Day 2 in Mohe: Northernmost Town in China

Woke up early and wondered around Beiji Village. Skies are cleaer today and at least I had a bit more
blue skies today. Visited a mud flat turned tourist park which contains monuments dedicated to
China's northernmost point as well as northernmost toilet.  Also posted a post card from China's
northernmost post office and visited China's northernmost military post which I was told appears in
CCTV's annual new year variety celebration show.

We looked across the Heilongjiang/Amur to the Russian village of Ignashino which looked dilapidated
and deserted. Its remote location and distance from larger cities meant that the young had all
abandoned the village.  In comparion, Beiji Village has done well in recent years. It used to be
pathetically poor - remote and blessed neither with fertile soil nor farming-friendly climate,it could have
suffered the same fate as Ignashino if not for the emergence of a Chinese middle class anxious to visit
remote corners of the country.  Beiji village's location as China's northernmost village has brought
thousands of visitors to this remote corner.  Every farmer has converted his home into an inn and
restaurants and souvenir shops are everywhere.  Young people can now stay back and run the
tourism industry.  The alternative would be to suffer the fate of many of China's villages abandoned by
the young who seek work in big cities faraway.

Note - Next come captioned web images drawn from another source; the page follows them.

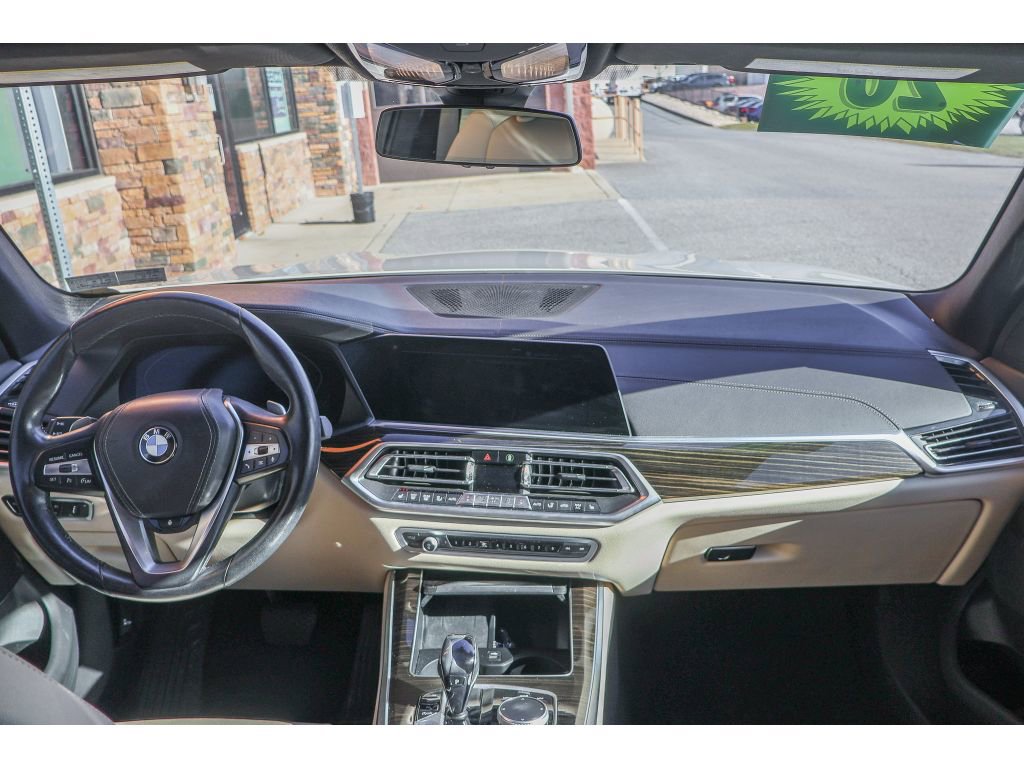 Used 2020 BMW X5 xDrive40i w/ Convenience Package image 12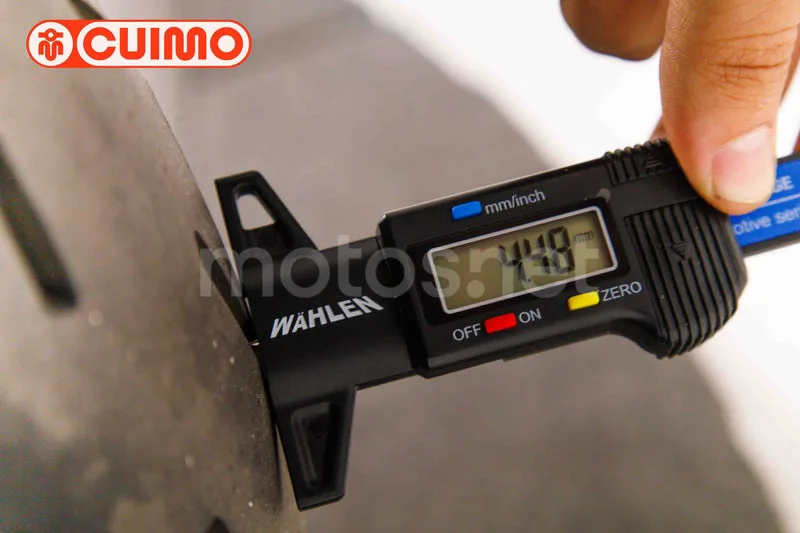 Yamaha Tracer 900 - Vista 26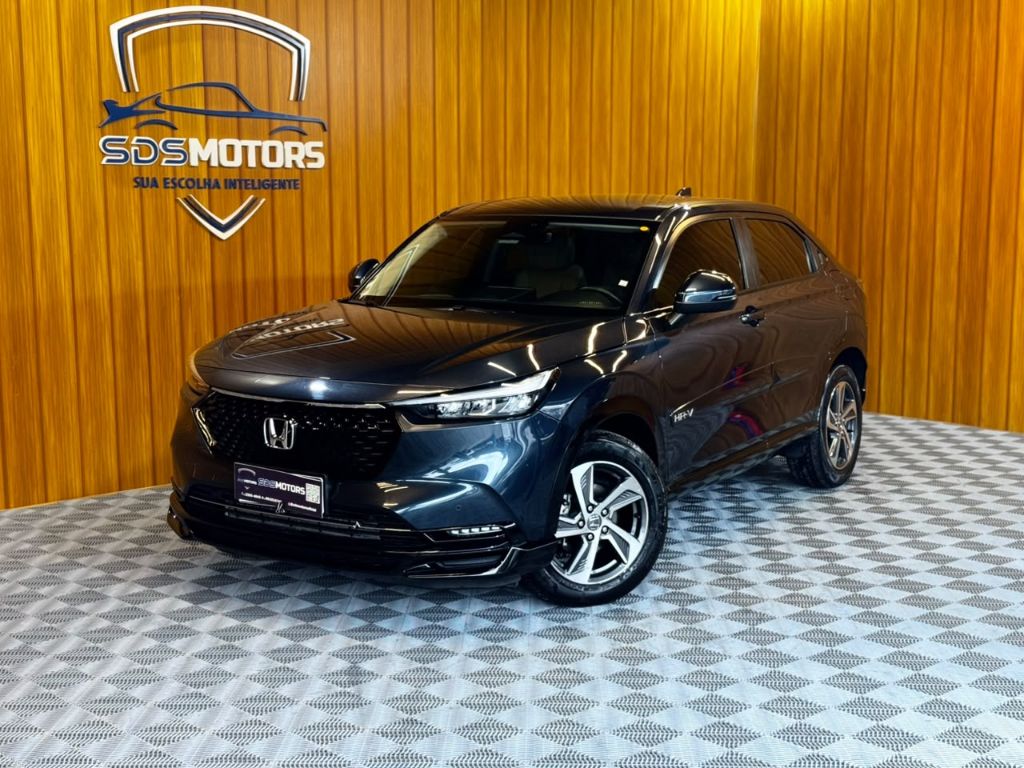 HR-V Touring 1.5 Flex TB 16V 5p Aut. — foto 7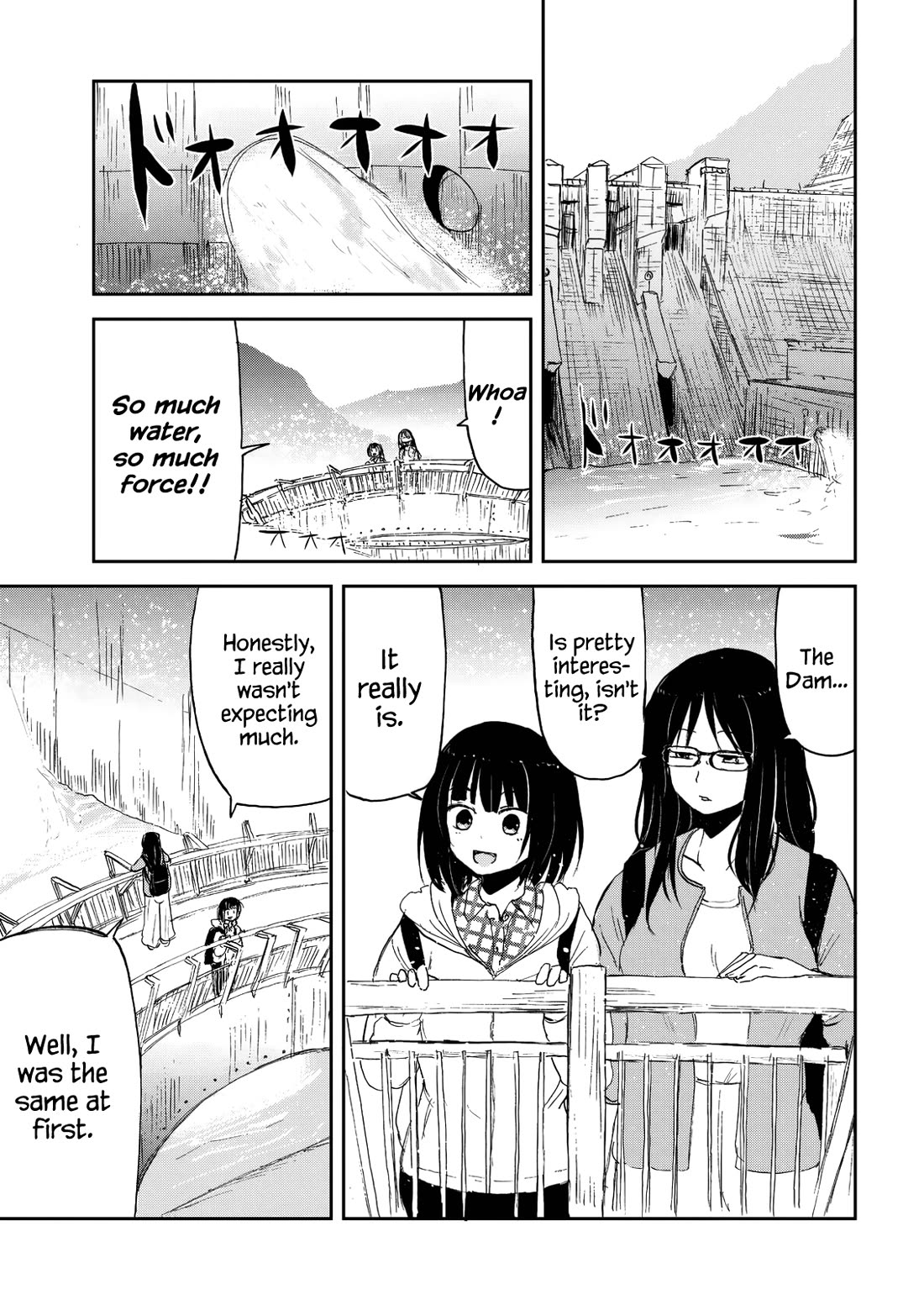Kitsune no Oyome-chan Chapter 31.5 page 11 - Chapter 31.5: Volume 4 Extras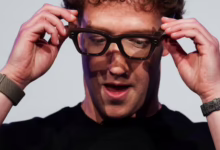 نيابةً عن الرئيس .."ميتا" تبني نسخة ذكاء اصطناعي لزوكربيرغ لتتفاعل مع الموظفين 30 654983d9 9f9c 42d6 926c 42e4e05457aa 16x9 1200x676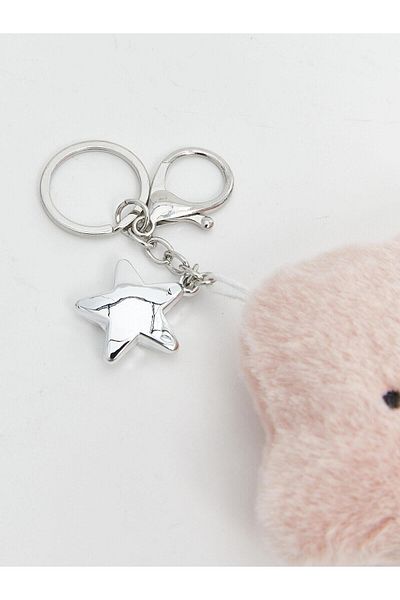 LC Waikiki Lcw Accessories Mixed Star Figured Keychain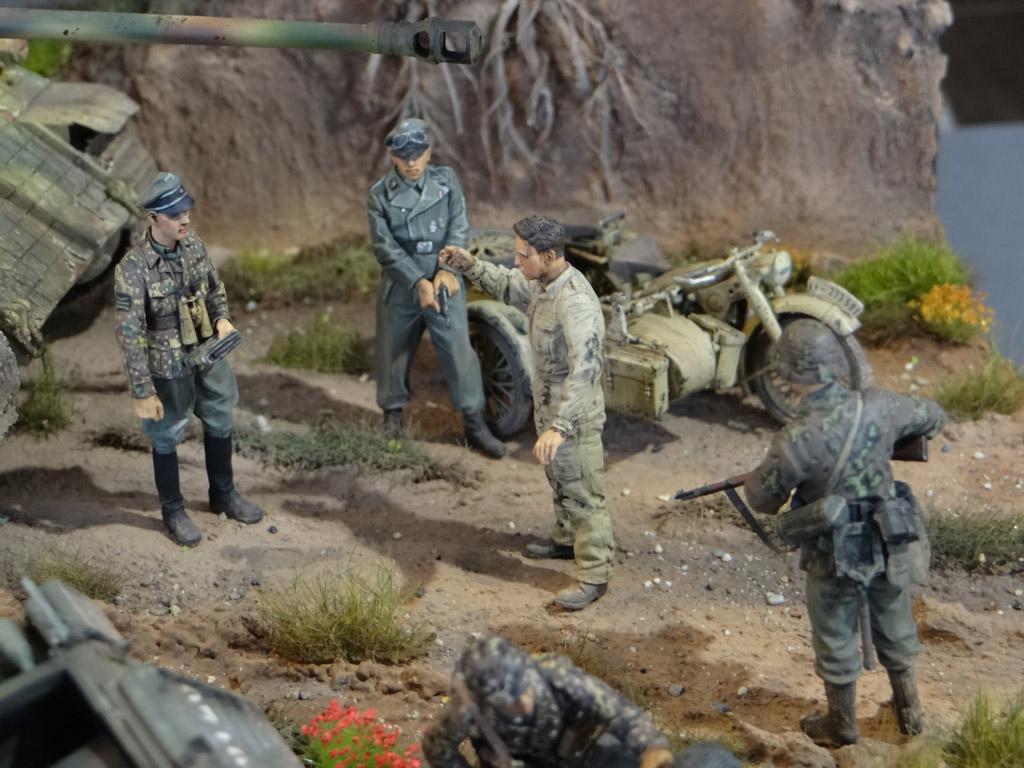 Dioramas and Vignettes: Normandy, 1944, photo #8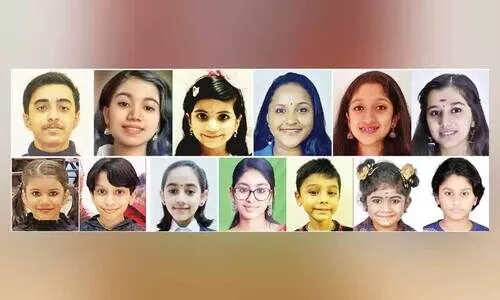 ദേവ്ജി-ബി.കെ.എസ്. ബാലകലോത്സവം: ശ്രീദക്ഷ സുനിൽകുമാർ കലാതിലകം, അതുൽ കൃഷ്ണ കലാപ്രതിഭ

We completed the sites of Beiji Village ahead of time and then headed for Mohe town, again through
that horrendous road.  The journey between Mohe and Beiji used to take slightly more than an hour
but it now takes 2 hours plus due to the rebuilding of a faster motorway from Mohe.  The 50km or so
could easilybe built within a short time elsewhere in China, given the country's legendary construction
efficiency, but this road will take 3 years to complete.  This is due to the permafrost conditions that
renders the ground hard, as well as the fact that construction can only take place during spring and
autumn as a result of the harsh weather of this region.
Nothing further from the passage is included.